The two of them stared across the kitchen table at each other, their eyes locked in complicity, and smiled.
Bordello
“Wear jeans. That’s all we ever wear here,” one of the two madams, Felicity, told me on the phone.
Finally, I was going to see how the hip side of my generation ran things. I had been trying to build my own business. The problem was that I became extremely bored sitting around waiting for the phone to ring, so Corinne referred me.
“This whorehouse should be part of every girl’s unsentimental education,” she said.
The cab dropped me at a town house in Murray Hill that had a wrought-iron staircase leading up to the parlor floor. It was one of those sultry October days when the air is heavy with dawdling summer. A wisteria vine had twisted itself around the iron fence and hung off the landing. The blossoms had blown away months ago, but the brown stems were still covered with wispy green leaves. I felt as if I were marching up the steps of a real bordello.
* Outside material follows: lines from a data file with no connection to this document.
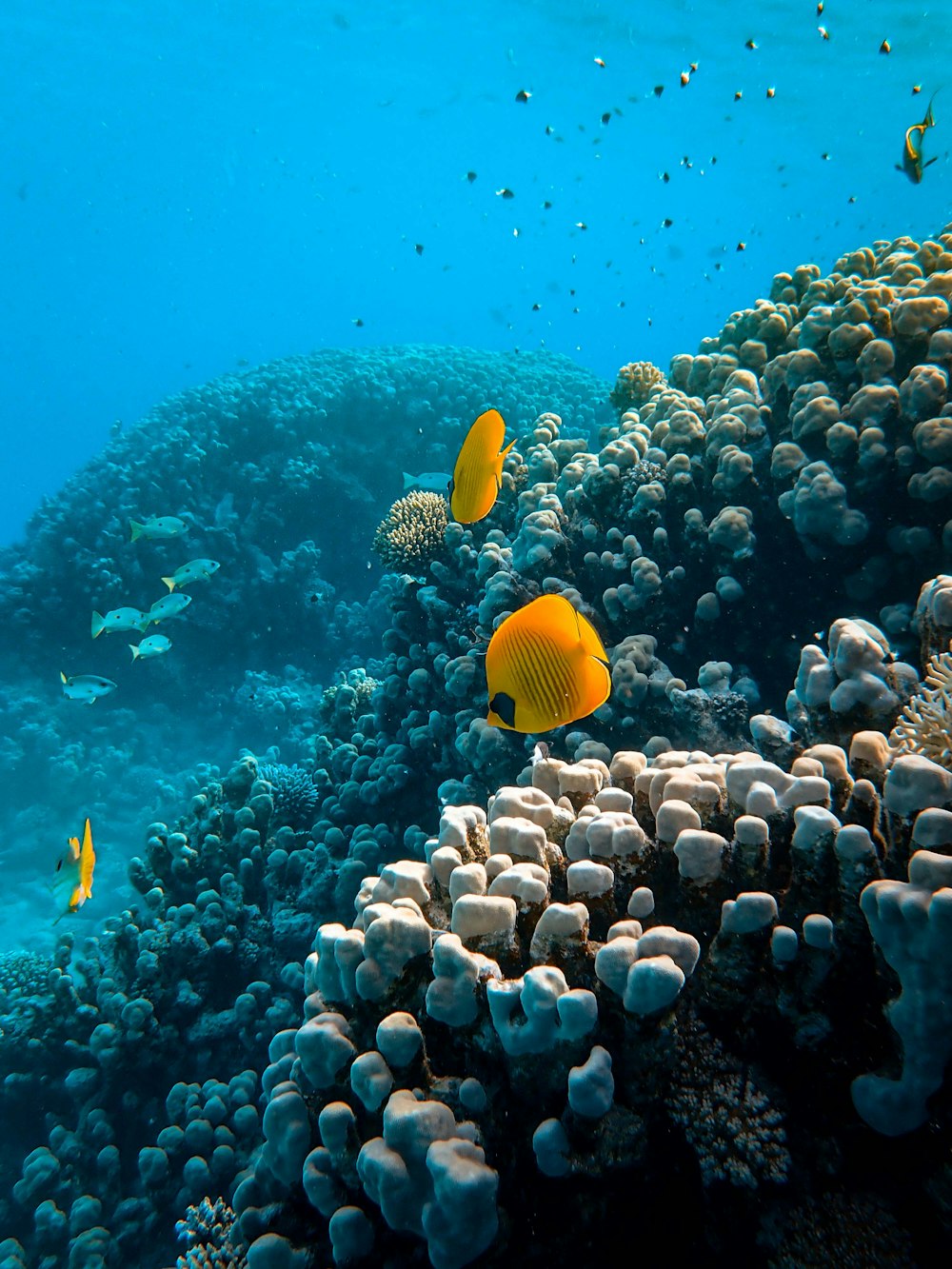 Peces amarillos sobre corales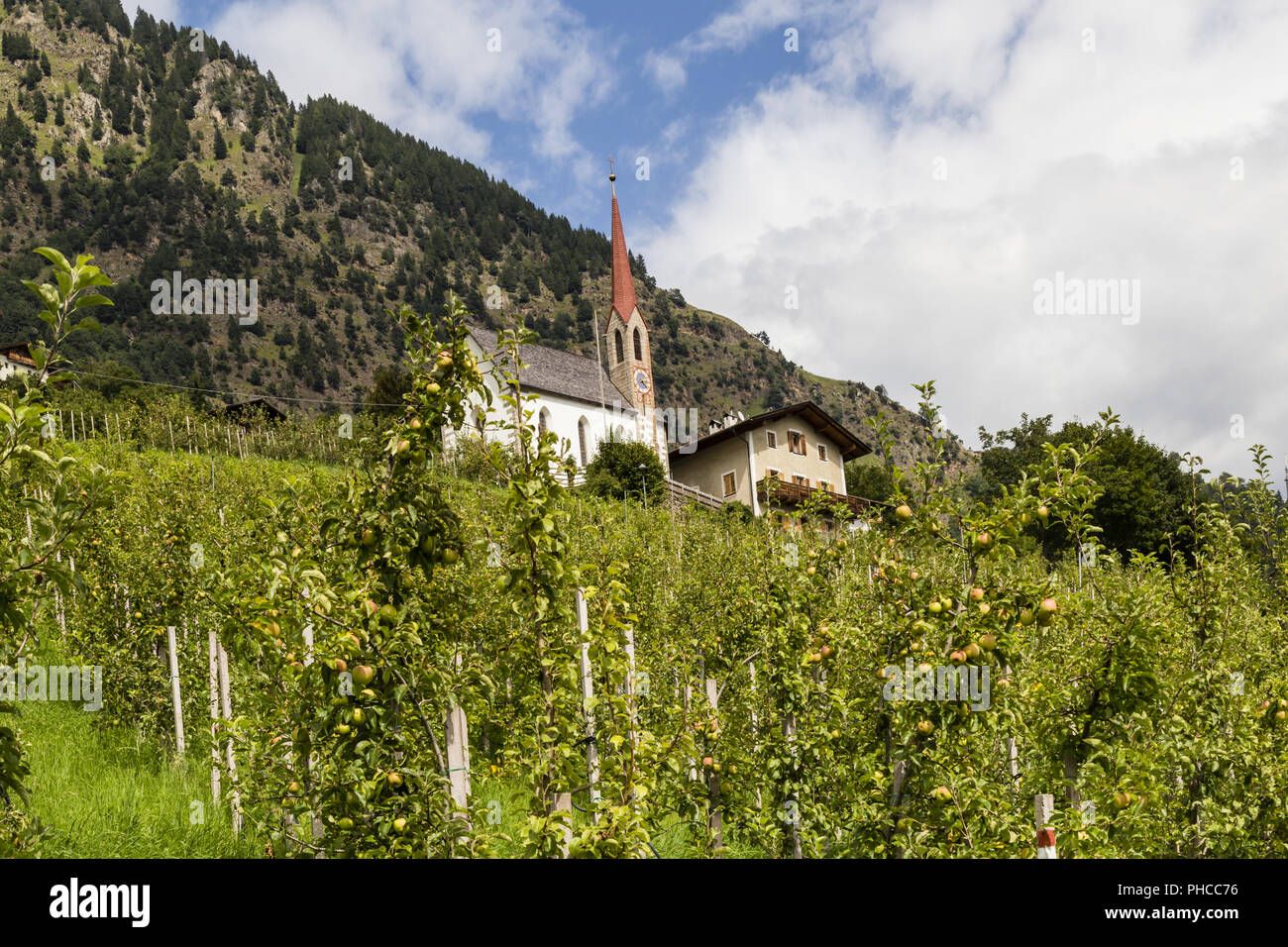 apple trees in south tyrol, italy Stock Photo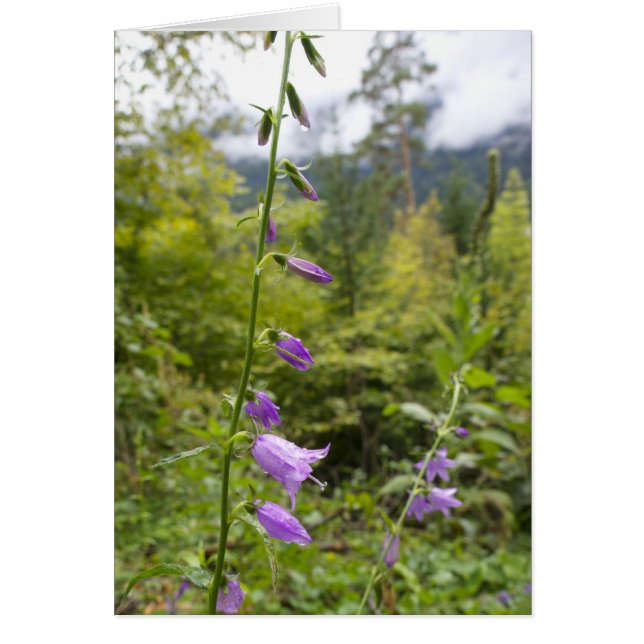 Italienska kort, Borgo Valsugana Hälsningskort (Framsidan)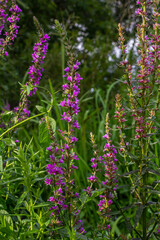 Fototapeta premium Purple loosestrife Lythrum salicaria inflorescence. Flower spike of plant in the family Lythraceae, associated with wet habitats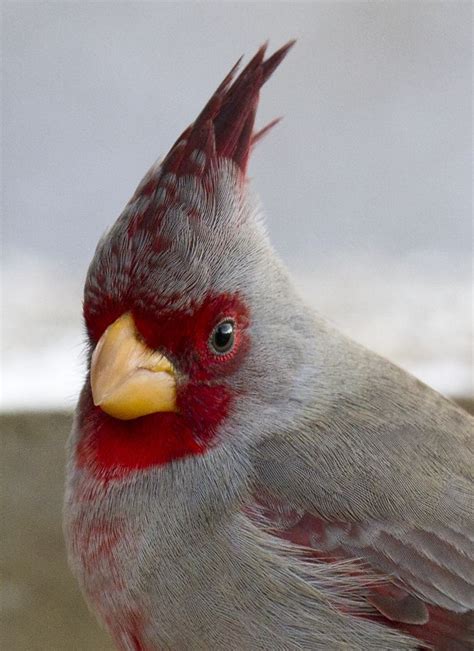 Pyrrhuloxia Cardinal Birds Beautiful Birds Pet Birds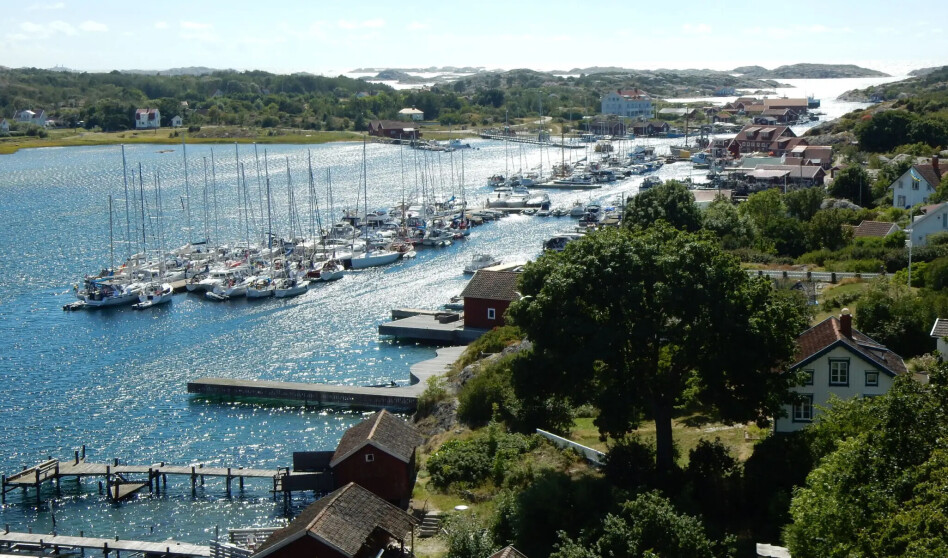 - Redusert tråling har endret livet i Kosterhavet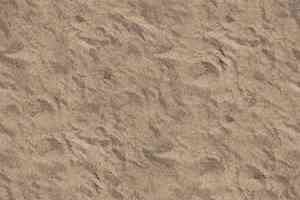 Ковролин Ege Highline Nature rf 52755476 фото  | FLOORDEALER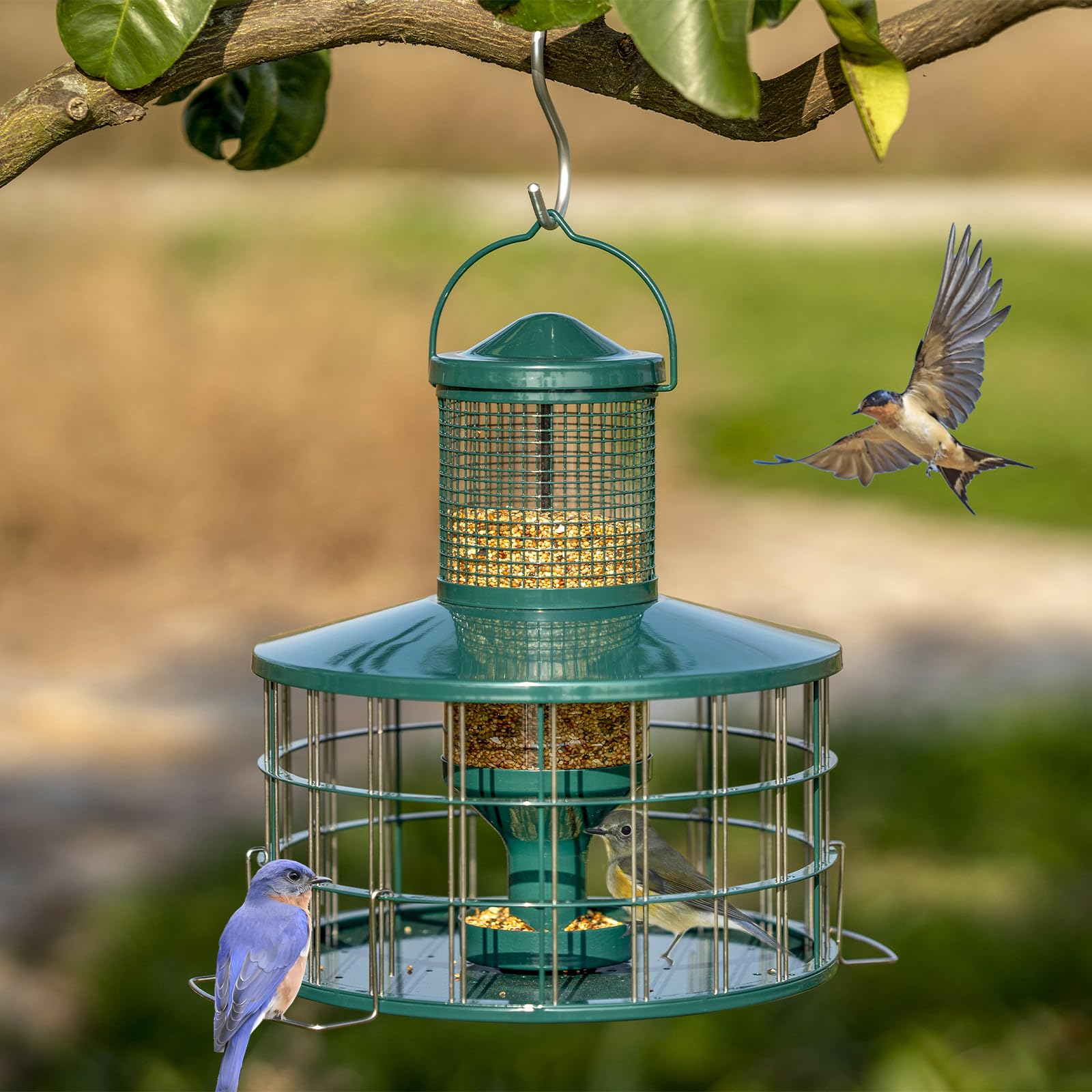 Perches extend beyond the cage for secure bird landings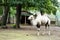 Camel at zoological garden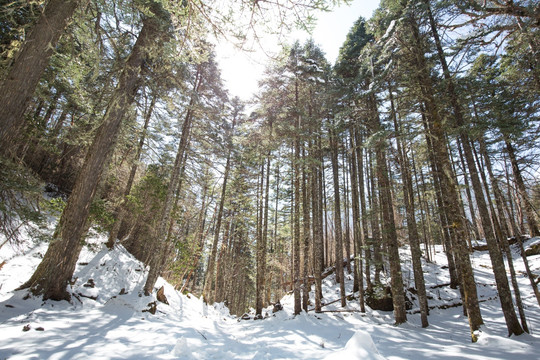 雪中森林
A sullen-looking young thing in short shorts, thongs, and a halter top answered the bell. “Upstairs,” she said, pointing to the back of the house.
We were in a big front room with high windows, empty except for a couple of couches. I started climbing the stairs.
“All the way to the top,” the sentry yelled after me.
I passed a landing with doors on either side of it, then another one. I could hear Barry White on the turntable and, above his bass voice, women laughing. I followed the noise into a small room under the eaves, where three women sat on a built-in banquette around a large table. A stockpile of gleaming white cocaine had been heaped into a dish and set down smack in the middle like a centerpiece. I watched one of the women scoop what was at least a tablespoon of it onto a mirror. She started making lines with the precision of a jewel cutter.
“Time to wake up,” the woman said, handing the whole thing to me.
I was so struck by her instant generosity, I beamed with pleasure.
“Is this for everyone?” I asked, horrified that I might otherwise expose my greedy nature right off the bat.